Fâché Noir contre vivre dangereusement

«Mieux vaut vivre un jour comme un lion que cent ans comme un mouton.»
 - Proverbe idiot



Il arrive un moment dans la vie où on se dit qu’au fond, si on est encore vivant en se réveillant ce matin-là, c’est grâce à une succession de hasards, de coups de chance et de catastrophes évitées. C’est alors que, pour espérer avoir encore assez de souffle pour éteindre cent bougies sur notre futur gâteau d’anniversaire, on tente de prévoir le pire pour mieux garder le contrôle sur les choses. On modère les risques.

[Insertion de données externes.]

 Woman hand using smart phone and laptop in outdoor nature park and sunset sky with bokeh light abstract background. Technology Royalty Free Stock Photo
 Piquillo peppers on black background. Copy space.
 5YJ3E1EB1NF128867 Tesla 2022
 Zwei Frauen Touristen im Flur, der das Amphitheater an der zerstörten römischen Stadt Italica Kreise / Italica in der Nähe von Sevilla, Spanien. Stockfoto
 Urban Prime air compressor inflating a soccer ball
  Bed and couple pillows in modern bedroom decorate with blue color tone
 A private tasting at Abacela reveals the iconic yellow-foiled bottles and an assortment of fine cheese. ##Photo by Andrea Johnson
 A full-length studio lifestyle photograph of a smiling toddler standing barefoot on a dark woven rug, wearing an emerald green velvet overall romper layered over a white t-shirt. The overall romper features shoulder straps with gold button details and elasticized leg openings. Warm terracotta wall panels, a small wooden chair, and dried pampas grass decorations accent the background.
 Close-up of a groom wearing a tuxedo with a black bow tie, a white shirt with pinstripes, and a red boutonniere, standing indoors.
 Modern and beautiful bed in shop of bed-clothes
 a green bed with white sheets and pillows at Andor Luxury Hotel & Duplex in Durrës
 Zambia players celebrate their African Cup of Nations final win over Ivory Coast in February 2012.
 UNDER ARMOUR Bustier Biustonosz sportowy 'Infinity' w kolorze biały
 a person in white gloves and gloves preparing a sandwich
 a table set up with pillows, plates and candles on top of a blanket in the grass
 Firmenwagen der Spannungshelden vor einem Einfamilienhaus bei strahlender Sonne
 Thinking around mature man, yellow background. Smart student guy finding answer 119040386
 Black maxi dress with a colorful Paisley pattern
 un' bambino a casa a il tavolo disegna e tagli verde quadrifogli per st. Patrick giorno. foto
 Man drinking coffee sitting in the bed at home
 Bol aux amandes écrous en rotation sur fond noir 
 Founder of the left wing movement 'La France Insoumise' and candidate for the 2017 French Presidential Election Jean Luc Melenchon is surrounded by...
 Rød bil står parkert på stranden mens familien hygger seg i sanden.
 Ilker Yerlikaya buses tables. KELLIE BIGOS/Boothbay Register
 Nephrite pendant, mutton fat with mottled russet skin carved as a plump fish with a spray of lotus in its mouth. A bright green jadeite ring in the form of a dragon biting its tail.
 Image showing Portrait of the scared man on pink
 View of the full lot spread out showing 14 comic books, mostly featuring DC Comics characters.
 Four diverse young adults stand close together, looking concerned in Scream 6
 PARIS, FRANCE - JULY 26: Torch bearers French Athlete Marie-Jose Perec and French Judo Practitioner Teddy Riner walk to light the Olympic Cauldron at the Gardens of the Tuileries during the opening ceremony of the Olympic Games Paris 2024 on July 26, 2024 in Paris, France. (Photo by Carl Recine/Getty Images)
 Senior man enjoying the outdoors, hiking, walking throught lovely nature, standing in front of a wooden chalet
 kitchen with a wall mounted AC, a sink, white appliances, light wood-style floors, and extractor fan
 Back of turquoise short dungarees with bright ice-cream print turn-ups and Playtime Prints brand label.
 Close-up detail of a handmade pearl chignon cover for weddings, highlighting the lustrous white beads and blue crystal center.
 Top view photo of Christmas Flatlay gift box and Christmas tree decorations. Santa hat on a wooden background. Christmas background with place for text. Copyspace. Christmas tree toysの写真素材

Pour ma part, je suis du genre «chat d’intérieur». Je suis sage au point que les avertissements au début des films sur DVD ont frappé mon imaginaire et je souhaite à tout prix éviter les cinq ans de prison ou l’amende de 500 000$ dollars parce que j’aurais acheté une copie piratée. Je conserve même le timbre de la régie du cinéma quand j’en achète un, au cas où une escouade spéciale du FBI section «enquête sur les DVD piratés» débarquerait chez moi en pleine nuit en défonçant les portes pour me demander si tous mes films ont été achetés légalement.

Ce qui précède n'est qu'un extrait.